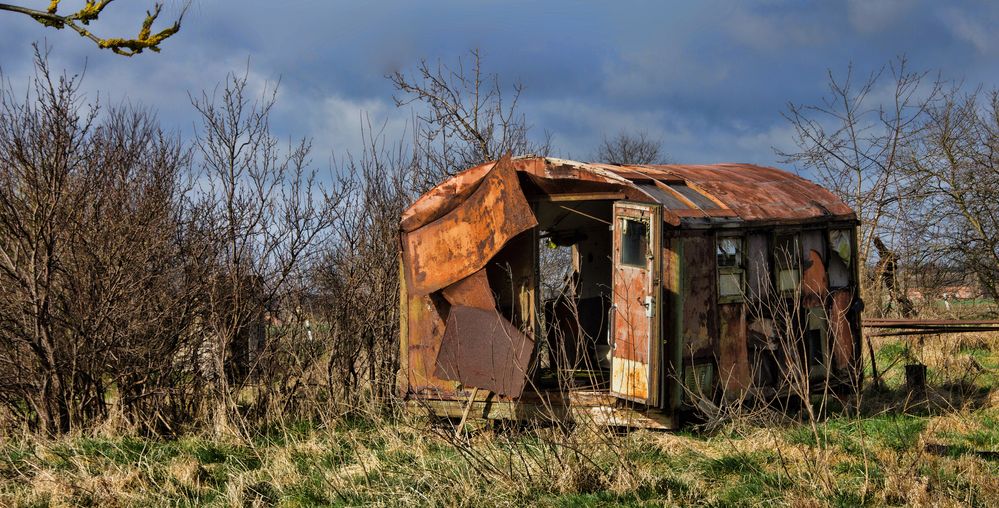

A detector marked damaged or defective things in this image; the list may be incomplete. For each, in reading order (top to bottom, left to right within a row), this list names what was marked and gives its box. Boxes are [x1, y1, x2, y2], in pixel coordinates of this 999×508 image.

rusted metal panel [442, 270, 496, 310]
rusted wall panel [402, 158, 540, 294]
rusted metal panel [402, 157, 540, 296]
torn metal sheet [402, 157, 540, 296]
rusted metal panel [434, 306, 536, 396]
torn metal sheet [434, 306, 536, 396]
rusted wall panel [434, 306, 536, 396]
rusty railway wagon body [396, 155, 860, 428]
broken window [620, 217, 652, 268]
rusted metal panel [684, 234, 716, 358]
rusted wall panel [684, 234, 716, 358]
broken window [720, 235, 744, 302]
rusted metal panel [720, 302, 752, 396]
rusted wall panel [720, 302, 752, 396]
broken window [772, 233, 804, 294]
broken window [828, 228, 852, 288]
rusted metal panel [828, 290, 852, 370]
rusted wall panel [828, 290, 852, 370]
◆ ◆ ◆
Your job is to repeat every entry exactly, keeping all pictures out of the copy.

A detector marked damaged or defective things in this image; the list may be incomplete. For each, in reading order (top to bottom, left to right within a row), this list names what was marked and gives its box. Boxes are [x1, y1, x2, y2], in pixel coordinates of this 999×508 image.

rusted metal panel [442, 270, 496, 310]
rusted wall panel [402, 158, 540, 294]
rusted metal panel [402, 157, 540, 296]
torn metal sheet [402, 157, 540, 296]
rusted metal panel [434, 306, 536, 396]
torn metal sheet [434, 306, 536, 396]
rusted wall panel [434, 306, 536, 396]
rusty railway wagon body [396, 155, 860, 428]
broken window [620, 217, 652, 268]
rusted metal panel [684, 234, 716, 358]
rusted wall panel [684, 234, 716, 358]
broken window [720, 235, 744, 302]
rusted metal panel [720, 302, 752, 396]
rusted wall panel [720, 302, 752, 396]
broken window [772, 233, 804, 294]
broken window [828, 228, 852, 288]
rusted metal panel [828, 290, 852, 370]
rusted wall panel [828, 290, 852, 370]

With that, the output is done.